Staff shortage at Gatineau Hospital leads to 2-hour protest

A group of nurses at the Gatineau Hospital held an on-the-job protest Saturday morning after an exhausted colleague was told she needed to stay after finishing a 12-hour shift.

8 nurses stayed to work with their colleague in a show of solidarity

Staffing at the Gaitneau Hospital has been stretched thin this summer, due to vacation requests and an increase in patients. Those pressures led to a two-hour protest involving a group of nurses Saturday morning. (CBC)

A group of nurses at the Gatineau Hospital held an on-the-job protest Saturday morning after an exhausted colleague was told she needed to stay after finishing a 12-hour shift.

The summer season has left the Gatineau, Que. hospital with limited staff and resources, and a combination of vacation requests and a surge in patients has forced management to ask nurses to work mandatory overtime.

The situation came to a head Saturday when the nurse in question said she was too fatigued to carry out her duties.

In a show of solidarity, eight other nurses stayed to work with their colleague, attempting to force the hospital to pay them all roughly two hours of overtime.

The details of the workplace protest were confirmed to Radio-Canada by the nurses' union and some of the nurses who took part.

Nurse shortage

The situation led to a meeting between the hospital and the union.

"We are already asking our nurses and licensed practical nurses to work many extra hours and mandatory overtime," said union representative Patrick Guay in French.

"It's not up to them to solve the shortage."

Guay told Radio-Canada that the number of nurses scheduled to work was insufficient.

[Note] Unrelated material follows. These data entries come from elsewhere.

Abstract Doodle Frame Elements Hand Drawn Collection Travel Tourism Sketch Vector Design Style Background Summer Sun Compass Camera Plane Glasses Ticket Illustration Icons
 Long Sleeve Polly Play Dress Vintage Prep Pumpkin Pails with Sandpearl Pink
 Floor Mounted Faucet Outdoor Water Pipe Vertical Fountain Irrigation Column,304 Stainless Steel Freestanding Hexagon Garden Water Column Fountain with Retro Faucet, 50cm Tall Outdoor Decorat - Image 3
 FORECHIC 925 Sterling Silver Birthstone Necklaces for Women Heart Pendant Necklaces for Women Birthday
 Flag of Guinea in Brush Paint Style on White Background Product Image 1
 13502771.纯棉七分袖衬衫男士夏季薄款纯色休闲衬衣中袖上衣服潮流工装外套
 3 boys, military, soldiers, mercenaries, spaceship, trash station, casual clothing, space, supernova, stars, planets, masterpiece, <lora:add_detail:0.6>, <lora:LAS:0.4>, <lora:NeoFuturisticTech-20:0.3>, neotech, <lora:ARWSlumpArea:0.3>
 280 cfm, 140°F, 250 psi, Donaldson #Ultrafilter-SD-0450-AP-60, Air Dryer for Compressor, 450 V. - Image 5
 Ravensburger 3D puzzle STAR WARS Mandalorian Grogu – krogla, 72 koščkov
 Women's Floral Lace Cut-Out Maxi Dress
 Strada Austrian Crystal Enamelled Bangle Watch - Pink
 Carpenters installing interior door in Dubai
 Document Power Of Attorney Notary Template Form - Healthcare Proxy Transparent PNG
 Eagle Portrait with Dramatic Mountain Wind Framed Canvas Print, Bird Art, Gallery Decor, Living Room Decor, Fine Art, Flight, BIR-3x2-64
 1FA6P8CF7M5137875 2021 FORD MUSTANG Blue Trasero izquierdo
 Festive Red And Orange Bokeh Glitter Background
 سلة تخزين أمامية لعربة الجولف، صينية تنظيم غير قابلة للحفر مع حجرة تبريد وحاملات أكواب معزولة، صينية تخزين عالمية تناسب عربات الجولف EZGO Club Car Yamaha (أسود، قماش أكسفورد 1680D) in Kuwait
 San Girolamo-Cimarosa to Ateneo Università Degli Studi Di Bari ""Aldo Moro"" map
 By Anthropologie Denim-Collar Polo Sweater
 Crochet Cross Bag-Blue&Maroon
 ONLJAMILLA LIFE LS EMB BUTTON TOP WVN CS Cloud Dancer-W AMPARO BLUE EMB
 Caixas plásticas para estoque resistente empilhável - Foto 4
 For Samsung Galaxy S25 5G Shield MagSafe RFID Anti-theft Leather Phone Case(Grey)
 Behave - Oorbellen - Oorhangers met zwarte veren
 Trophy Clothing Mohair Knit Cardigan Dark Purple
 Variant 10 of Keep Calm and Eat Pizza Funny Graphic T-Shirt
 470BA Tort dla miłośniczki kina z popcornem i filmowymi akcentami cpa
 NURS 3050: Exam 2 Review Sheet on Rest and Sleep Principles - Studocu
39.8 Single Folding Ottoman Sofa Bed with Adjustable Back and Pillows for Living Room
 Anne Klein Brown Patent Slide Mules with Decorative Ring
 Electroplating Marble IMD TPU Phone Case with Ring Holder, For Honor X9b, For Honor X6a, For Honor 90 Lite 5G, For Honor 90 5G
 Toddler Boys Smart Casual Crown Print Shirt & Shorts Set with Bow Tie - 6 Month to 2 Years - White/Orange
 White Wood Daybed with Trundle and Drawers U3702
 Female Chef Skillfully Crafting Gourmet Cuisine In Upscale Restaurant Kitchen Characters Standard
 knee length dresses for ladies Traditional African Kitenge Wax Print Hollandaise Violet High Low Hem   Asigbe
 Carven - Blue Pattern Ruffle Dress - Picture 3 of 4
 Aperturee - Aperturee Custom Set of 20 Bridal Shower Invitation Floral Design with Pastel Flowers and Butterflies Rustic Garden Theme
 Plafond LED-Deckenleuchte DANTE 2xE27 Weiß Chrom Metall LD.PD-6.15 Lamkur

"When we are in a situation where we ourselves are lacking help, it is difficult to give [patients] the care they are entitled to," he said.

Petition circulating

The Outaouais Integrated Health and Social Services Centre (CISSS), the organization that oversees hospital operations, described the incident as a minor human resources matter.

A spokesperson for the CISSS called it an "imbroglio," telling Radio-Canada that it came down to a misunderstanding of the union convention.

After a meeting with the union, the nine nurses were sent home. According to the CISSS, the nurses were no longer needed after the two hours of overtime.

Before the protest, a petition from the union had already been circulating, demanding better working conditions.